Increased wheel loads and speeds of freight rail traffic are accelerating the track deterioration of railway lines. In general, a dominant factor of the deterioration in ballasted tracks is uneven subsidence of ballast and subgrade layer due to the cumulative plastic deformation. So as the foundation of track structure, a properly compacted good quality subgrade will effectively absorb and dissipate train vibration loads and further provide strong underneath supports to the upper components through high shearing resistance. In real project, the guidelines for deformation control during track subgrade construction are generally based on the method of setting a reserved settlement amount. Thus, detailed understanding and characterization of the deformation behavior of subgrade soils are a prerequisite for both the construction and subsequent maintenance of railway substructure.

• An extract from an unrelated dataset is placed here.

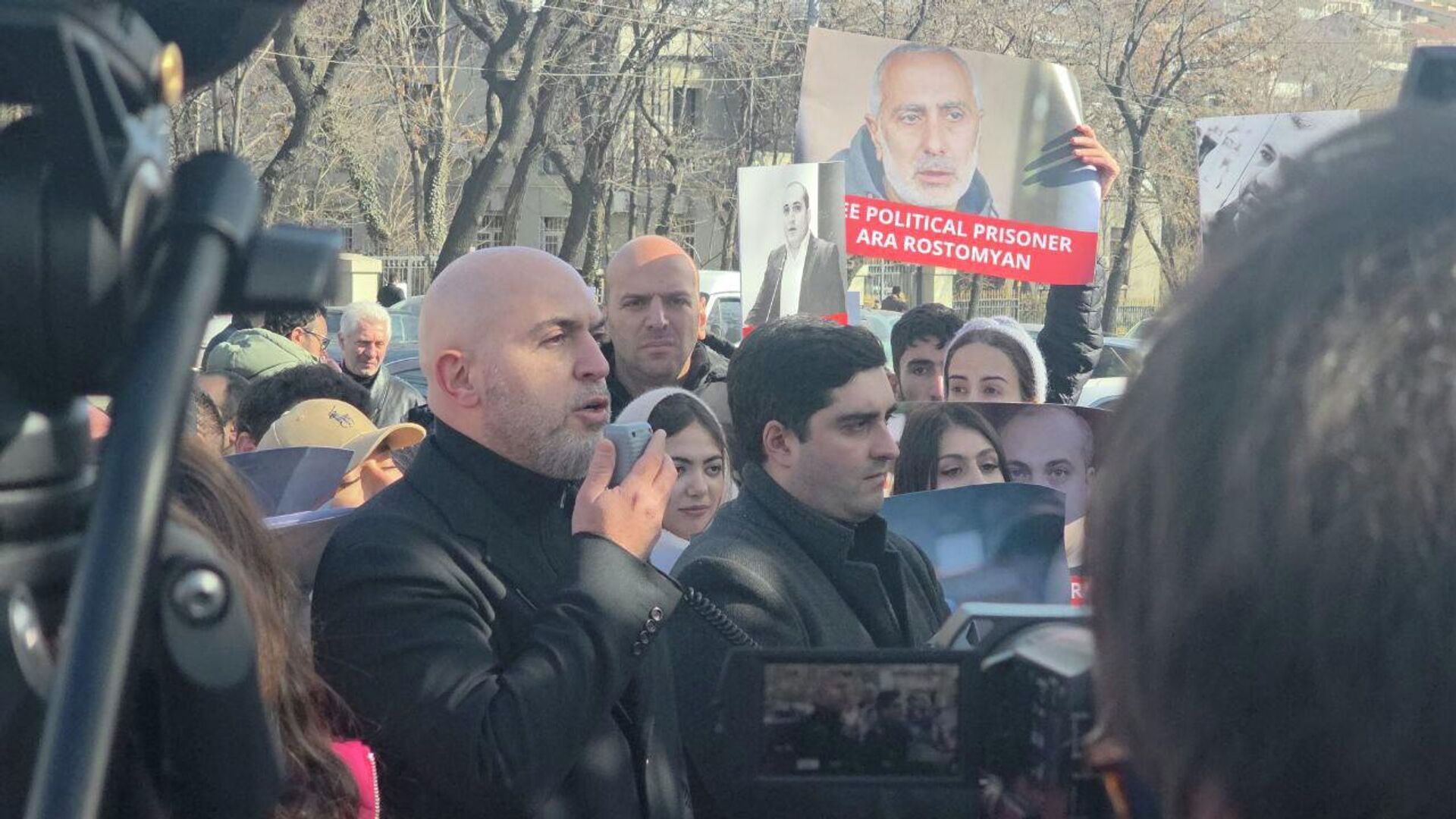 Армен Ашотян во время акции в защиту всех политзаключенных и армянских пленных, содержащихся в бакинской тюрьме (5 февраля 2026). Еревaн - Sputnik Армения, 1920, 05.02.2026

Coarse grained soils, which are generally the main construction materials of subgrade layer in railway system, usually present two types of deformation behavior when subjected to repeated traffic-type dynamic load: (a) resilient or recoverable deformation, which is related to the load-carrying ability of track structure, reflects stiffness properties of the material and (b) residual or irreversible deformation, which contributes to most of the subgrade settlement, determines long-term performance of railway line [14]. Although small compared to the resilient deformation, the residual deformation accumulates in each load cycle and may eventually reach a significantly large value that causes subgrade failure.

Over the years, considerable investigations have been devoted to characterizing the resilient behavior of soils using laboratory techniques, and lots of mathematical models have been developed to predict resilient response considering the effects of stress levels, void ratio, and some other factors [58]. For instance, in view of the material nonlinearity, Seed [9] introduced the concept of resilient modulus first, which was defined as the ratio of cyclic stress level to recoverable axial strain, and some similar definitions were widely used by later researchers. In contrast, the permanent deformation behavior of coarse grained soils is still less clearly known in practice. Although it is easy to measure the settlement in railway subgrade, exact prediction of the permanent deformation development is an extremely difficult matter. The most possible reason is that the deformation accumulation under repeated loading is a time-consuming process affected by too many factors, and the obtained test results are much more scattered than resilient modulus tests [10, 11].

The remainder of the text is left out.